Plutone è Davide Giangregorio, un notevole basso dai recitativi ampi e sicuri. Maestoso nel canto della prima aria “Verrà festivo amore” e sicuro e intenso nel terzo atto con “Anche a’ Numi”. La voce è di notevole volume capace di sgranare con attenzione i vari abbellimenti delle tornite frasi.
Autonoe è Federica Carnevale, mezzosoprano dell’Aquila, ci propone la interessate aria “Menzogner, t’ho provato incostante” con una voce di una certa scurezza apprezzabile nell’andamento semplice rispetto alle arie degli altri protagonisti. “Se fido ancora” nel terzo atto, riutilizzo di un brano di Porpora, ha una coloratura minuta ben svolta dalla Carnevale.
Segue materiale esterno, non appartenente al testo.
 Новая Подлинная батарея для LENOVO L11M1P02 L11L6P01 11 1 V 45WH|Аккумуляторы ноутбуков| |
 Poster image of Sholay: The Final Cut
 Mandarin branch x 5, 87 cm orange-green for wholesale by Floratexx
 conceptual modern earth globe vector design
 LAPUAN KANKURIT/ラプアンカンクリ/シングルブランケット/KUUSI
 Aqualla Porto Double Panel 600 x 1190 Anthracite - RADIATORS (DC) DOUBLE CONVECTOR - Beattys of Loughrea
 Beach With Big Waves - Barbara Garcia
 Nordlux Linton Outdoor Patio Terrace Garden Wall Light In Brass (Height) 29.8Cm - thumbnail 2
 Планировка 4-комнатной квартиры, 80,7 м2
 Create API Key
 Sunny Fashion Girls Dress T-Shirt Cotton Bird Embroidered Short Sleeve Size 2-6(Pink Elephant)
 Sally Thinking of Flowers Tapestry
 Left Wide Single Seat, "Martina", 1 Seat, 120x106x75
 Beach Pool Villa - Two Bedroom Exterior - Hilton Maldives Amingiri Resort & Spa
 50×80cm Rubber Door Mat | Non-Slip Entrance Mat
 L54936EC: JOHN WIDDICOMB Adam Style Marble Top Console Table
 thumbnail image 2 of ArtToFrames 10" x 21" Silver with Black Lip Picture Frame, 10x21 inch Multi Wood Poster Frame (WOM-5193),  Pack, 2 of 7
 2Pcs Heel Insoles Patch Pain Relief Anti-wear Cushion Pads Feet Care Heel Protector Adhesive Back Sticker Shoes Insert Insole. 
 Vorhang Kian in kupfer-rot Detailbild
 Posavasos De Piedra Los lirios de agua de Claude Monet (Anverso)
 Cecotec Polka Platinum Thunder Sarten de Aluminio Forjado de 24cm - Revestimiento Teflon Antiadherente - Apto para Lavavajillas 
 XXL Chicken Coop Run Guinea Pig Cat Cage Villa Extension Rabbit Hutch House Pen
Quattro cantanti dell’Accademia Celletti hanno svolto con precisione le parti del coro.
Armonia Atenea è un’ensemble fondato ad Atene nel 1991 e attuale direttore artistico e George Petrou. Il livello di esecuzione dell’Orfeo è eccezionale con un suono sempre intonatissimo e compatto nonostante l’esecuzione in uno spazio aperto. Il basso continuo sostiene con morbidezza e nobiltà gli ampi recitativi. Nonostante le poche prove l’intesa con i cantanti è formidabile e i risultati notevoli.
George Petrou ha un gesto chiaro e sicuro e mostra tutta l’intesa con il suo affidabile ensemble.
Massimo Gasparon, in continuità con l’Ecuba del suo maestro Pizzi, utilizza due costumi viola per gli dei degli inferi, costumi con sovrabbondanti decorazioni in similoro. Aristeo e Autonoe hanno due vestiti rosso mattone con inserti d’oro, entrambi dello stesso colore per rendere più comprensibile i loro giochi di coppia. Orfeo possiede invece un costume originalissimo, verde e rosso che dà nobiltà alla figura di Raffaele Pe. Euridice un costume delicatissimo d’oro e azzurro. Bastano questi costumi a sostituire la spoglia scena in un efficace contrasto col luminoso bianco di fondo. Gasparon è attento ai movimenti e alla gestualità dei personaggi cercando di recuperare in tutti gli aspetti una rappresentazione di inizio settecento.
L’Orfeo ha avuto pieno successo, giustificato dal fatto che ogni componente dello spettacolo raggiungeva l’eccellenza e spiace che ce ne sia stata un unica replica, precludendo a molti la visione.